-- RECORDED INFORMATION follows --

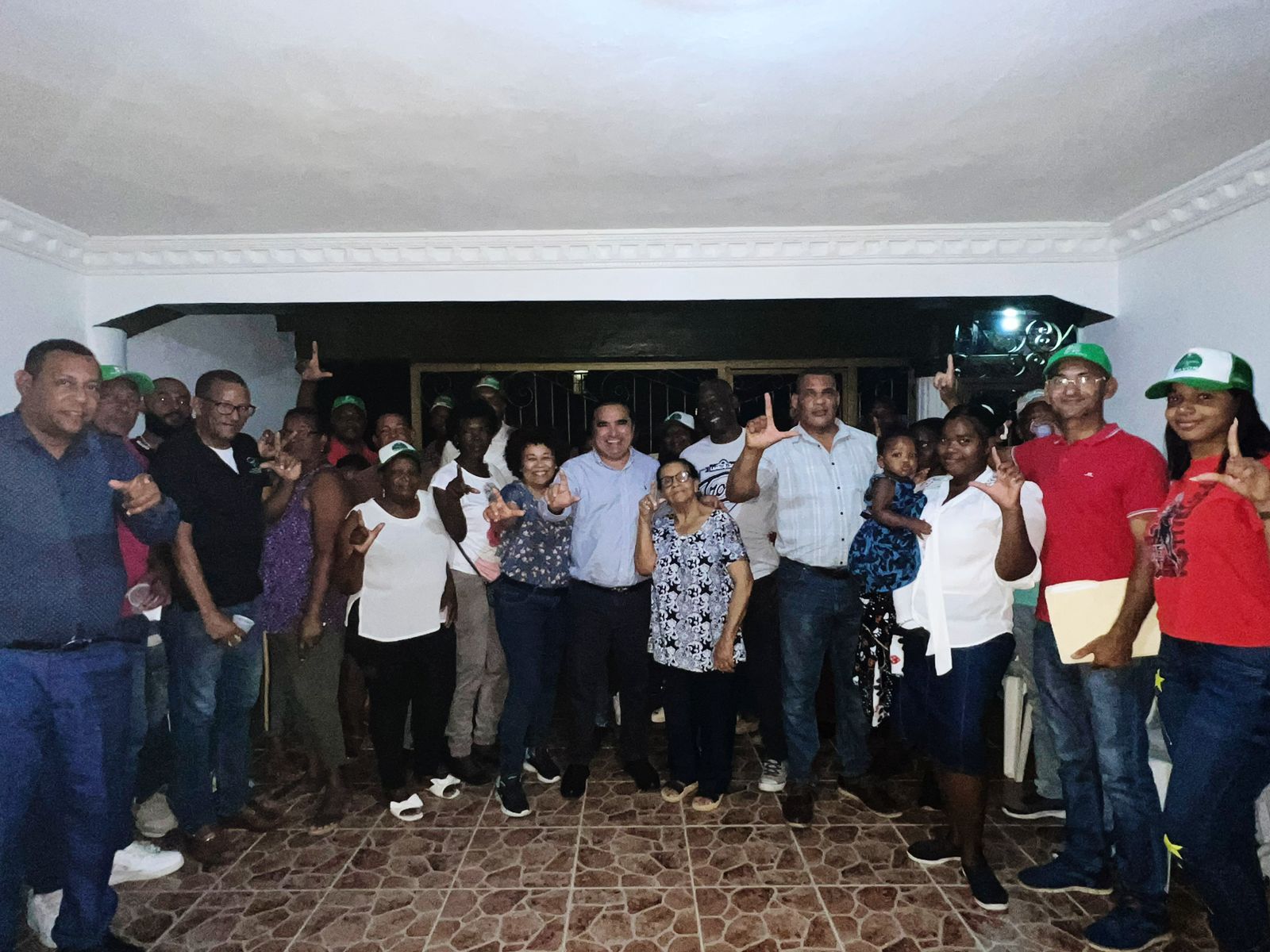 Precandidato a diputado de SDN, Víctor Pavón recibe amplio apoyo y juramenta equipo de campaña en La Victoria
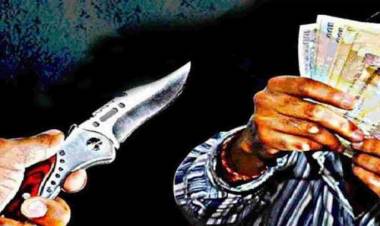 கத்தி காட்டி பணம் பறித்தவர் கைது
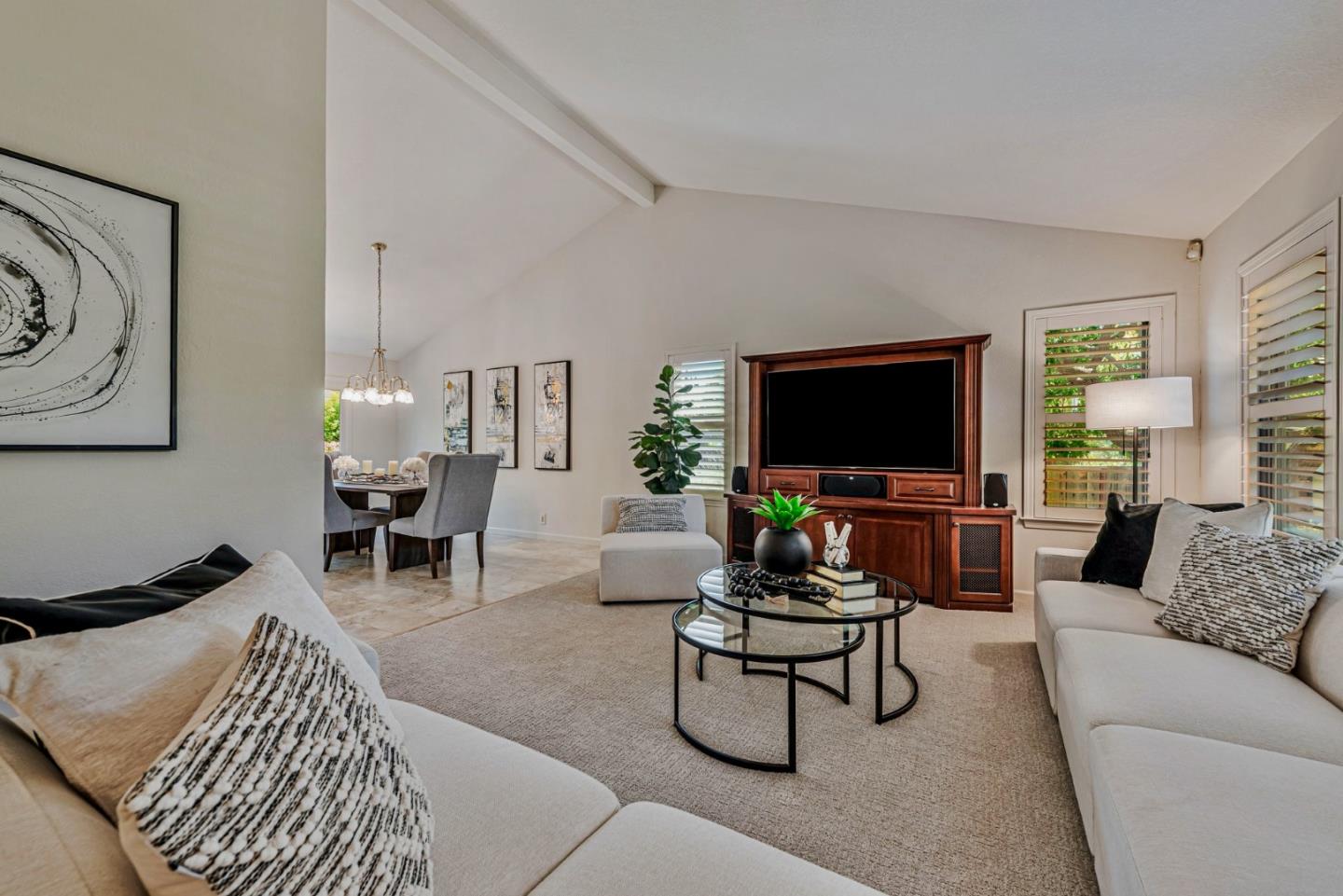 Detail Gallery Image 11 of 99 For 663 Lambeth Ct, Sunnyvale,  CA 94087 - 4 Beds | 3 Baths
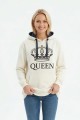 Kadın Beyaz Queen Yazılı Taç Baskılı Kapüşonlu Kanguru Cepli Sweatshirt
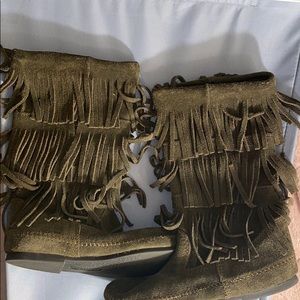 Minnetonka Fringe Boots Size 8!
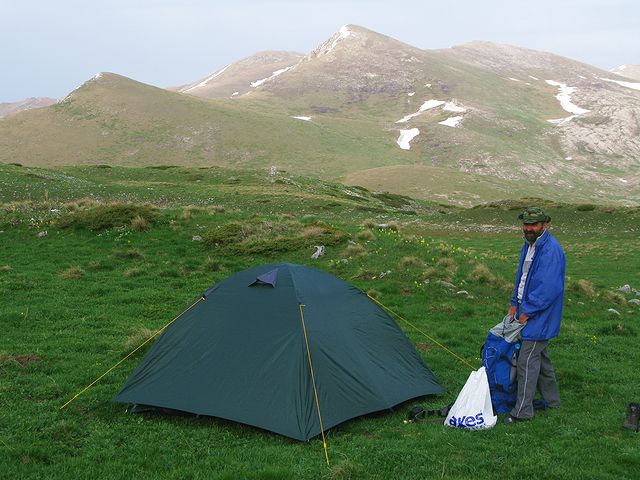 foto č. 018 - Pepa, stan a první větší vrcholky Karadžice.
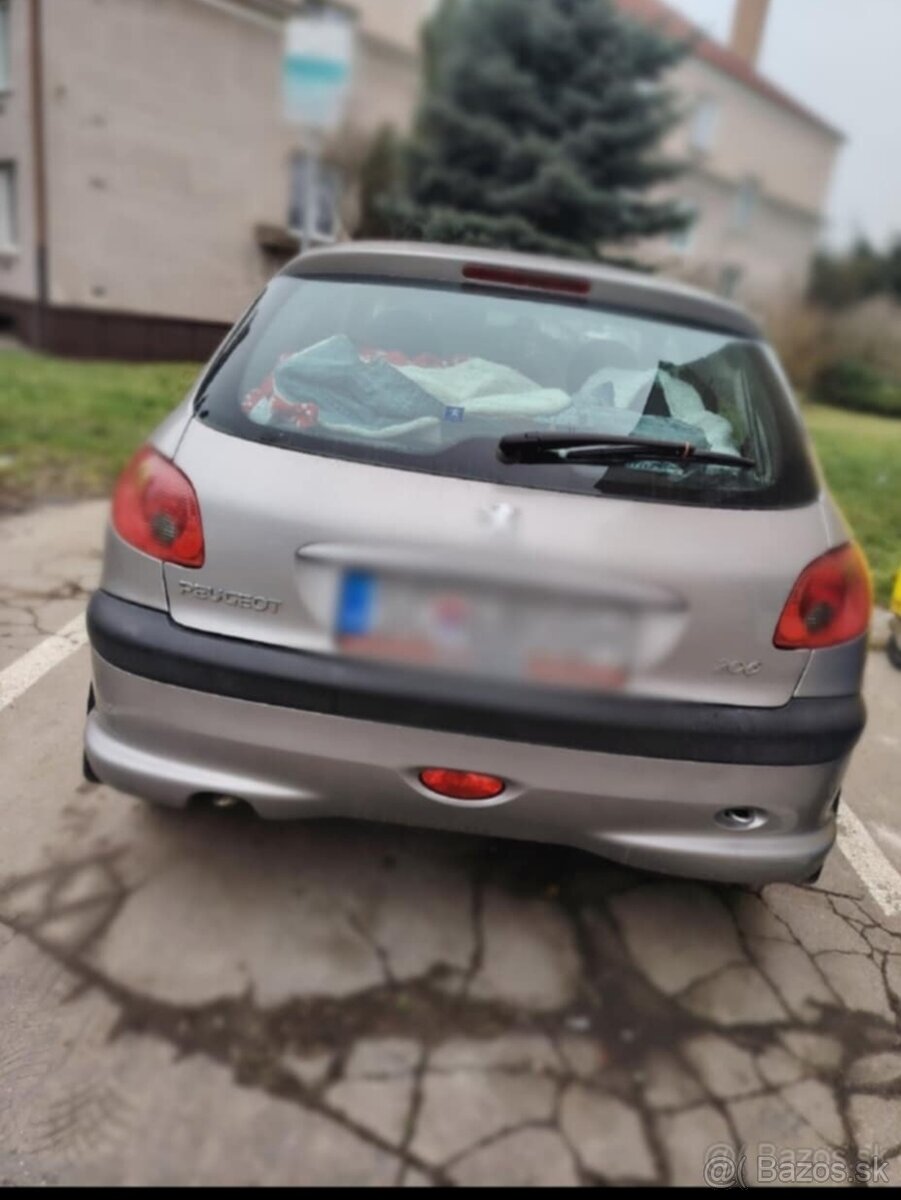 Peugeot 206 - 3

-- RECORDED INFORMATION concluded --
-- RECORDED INFORMATION follows --

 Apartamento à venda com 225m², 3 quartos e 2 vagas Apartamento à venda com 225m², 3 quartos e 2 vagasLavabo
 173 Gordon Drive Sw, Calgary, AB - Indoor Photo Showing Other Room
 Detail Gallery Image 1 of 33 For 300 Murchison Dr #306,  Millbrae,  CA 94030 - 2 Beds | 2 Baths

-- RECORDED INFORMATION concluded --

▶ [WHAT THE EXERCISE ASKS] Among the records above, a stretch begins at the line containing "173 Gordon Drive" and ends at the line containing "Detail Gallery Image 1 of". Restate that stretch word for word, and nothing else.

▶ [EXPECTED ANSWER]
 173 Gordon Drive Sw, Calgary, AB - Indoor Photo Showing Other Room
 Detail Gallery Image 1 of 33 For 300 Murchison Dr #306,  Millbrae,  CA 94030 - 2 Beds | 2 Baths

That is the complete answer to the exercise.